Now that you got familiar with the software and you are beginning to see what Timeneye can do for your business, it's important to start assembling a pilot team.

You will need to:

  1. Assess your stakeholders.

  2. Identify early adopters.

  3. Organize a meeting

Some people may resist the idea of tracking time. Some may be sceptical about its usefulness, others may not want to move away from spreadsheets, because “we’ve always done it this way”.

Introducing time tracking to employees and managers can be difficult. That’s why it’s important that the initial team should be a small group of like-minded people who are interested in Timeneye’s benefits and may also be accountable for its implementation. As your adoption plan moves on to additional phases, you will include more people in your team.

Based on our experience, we have drafted this Deployment checklist to bring you to be fully operational.

We also suggest you take advantage of the Timeneye resources available on our Help Center and Guides.

What roles are fundamental for the success of the pilot?

Role

Responsibilities

Department

Executive sponsor

Communicate the high-level vision. Connect Timeneye implementation to the core mission and priority initiatives at the company.

Executive Leadership

IT Specialist

Oversee the entire Timeneye launch execution and rollout process. Take care of all technical aspects of implementation, including integrations.

IT

Department Leads

Identify how specific departments will use Timeneye for the different user scenarios and encourage engagement.

Any department (management)

Early adopters

Help evangelize Teams, support skill building, and provide useful insights.

Multiple departments

Assess your department leaders

List the core business leaders in your organization. For everyone, ask the following questions:

  • Is this leader friendly to new technology?

  • Will this leader's business benefit from a better time management tool?

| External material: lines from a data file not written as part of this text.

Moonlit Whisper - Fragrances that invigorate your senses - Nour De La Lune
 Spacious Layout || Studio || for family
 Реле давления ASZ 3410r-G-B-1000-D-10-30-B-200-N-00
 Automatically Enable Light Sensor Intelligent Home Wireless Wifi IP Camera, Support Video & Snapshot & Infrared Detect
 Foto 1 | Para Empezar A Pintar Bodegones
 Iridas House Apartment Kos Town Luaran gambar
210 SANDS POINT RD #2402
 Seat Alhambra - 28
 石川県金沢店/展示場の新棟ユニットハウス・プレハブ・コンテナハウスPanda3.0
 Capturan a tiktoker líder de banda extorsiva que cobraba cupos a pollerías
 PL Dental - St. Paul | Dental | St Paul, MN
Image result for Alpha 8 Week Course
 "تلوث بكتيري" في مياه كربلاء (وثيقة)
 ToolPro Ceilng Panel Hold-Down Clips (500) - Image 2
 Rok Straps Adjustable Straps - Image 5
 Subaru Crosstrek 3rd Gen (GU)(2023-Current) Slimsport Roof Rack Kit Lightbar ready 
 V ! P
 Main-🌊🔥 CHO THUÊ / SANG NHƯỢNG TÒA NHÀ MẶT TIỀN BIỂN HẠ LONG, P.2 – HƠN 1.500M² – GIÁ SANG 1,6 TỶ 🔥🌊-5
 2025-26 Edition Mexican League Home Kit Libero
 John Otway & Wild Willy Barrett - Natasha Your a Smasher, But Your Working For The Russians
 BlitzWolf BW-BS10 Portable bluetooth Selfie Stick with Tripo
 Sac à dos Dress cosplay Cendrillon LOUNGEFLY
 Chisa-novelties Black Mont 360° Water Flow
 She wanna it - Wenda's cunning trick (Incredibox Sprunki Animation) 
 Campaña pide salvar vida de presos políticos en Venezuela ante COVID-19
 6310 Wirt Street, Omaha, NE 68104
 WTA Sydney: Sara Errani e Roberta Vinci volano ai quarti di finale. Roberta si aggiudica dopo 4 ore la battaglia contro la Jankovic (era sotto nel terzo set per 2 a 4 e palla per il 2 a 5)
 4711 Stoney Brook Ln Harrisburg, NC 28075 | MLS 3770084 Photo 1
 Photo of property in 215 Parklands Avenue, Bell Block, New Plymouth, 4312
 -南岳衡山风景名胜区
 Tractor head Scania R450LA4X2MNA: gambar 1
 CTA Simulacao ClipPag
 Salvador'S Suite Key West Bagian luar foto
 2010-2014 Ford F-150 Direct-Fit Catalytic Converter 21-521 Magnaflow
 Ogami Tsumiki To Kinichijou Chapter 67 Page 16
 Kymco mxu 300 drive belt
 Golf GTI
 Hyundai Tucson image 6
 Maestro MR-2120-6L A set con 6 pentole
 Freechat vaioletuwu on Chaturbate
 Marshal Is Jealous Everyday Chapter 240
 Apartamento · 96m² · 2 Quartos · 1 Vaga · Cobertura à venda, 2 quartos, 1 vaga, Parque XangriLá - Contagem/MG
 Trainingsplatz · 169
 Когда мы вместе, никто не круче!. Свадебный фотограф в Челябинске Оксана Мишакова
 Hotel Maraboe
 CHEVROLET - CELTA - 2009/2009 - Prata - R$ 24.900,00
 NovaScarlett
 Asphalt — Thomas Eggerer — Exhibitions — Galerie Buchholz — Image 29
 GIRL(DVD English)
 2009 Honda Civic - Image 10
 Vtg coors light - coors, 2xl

  • Does this leader have a positive relationship with key members of the existing project team?

  • Does this leader like to be viewed as an "agent of change" within the organization?

You can add additional questions that are relevant to your organization. For your initial two phases (Start and Experiment), you'll see leaders who are friendly to change, somewhat dissatisfied with current technology, and that you have a good relationship. These leaders should be brought into the core project team as business advisors and may have projects that will be essential for your experimentation phase. It is important to select impactful, real-world situations to experiment with and avoid high-risk projects for your initial experiments.

Identify early adopters

Early adopters share certain traits no matter what size or industry your organization may be in. Typically, early adopters share these traits:

  • Interested in technology

  • Willing to be a part of the change

  • Seeking to make improvements

  • Collaborative by nature

  • Willing to share their observations and learnings with the group

  • Are risk takers: they're willing to try something to see if it works

Depending on the size and complexity of your organization, you may choose to enable some or all of these individuals for your experimentation phase. In this program, they are agreeing to actively participate in your experimentation phase and provide regular feedback to the project team. Let them know that by giving this active feedback, they are helping to craft the outcome of your project. You will use this list of people in the Phase 2 - experiment.

Organize a meeting

Organize a meeting with all the stakeholders, both managers and end-users, to get them excited about Timeneye and ask who would be interested in being part of the pilot team. These people will be the first to test Timeneye and, in the next future, train their peers.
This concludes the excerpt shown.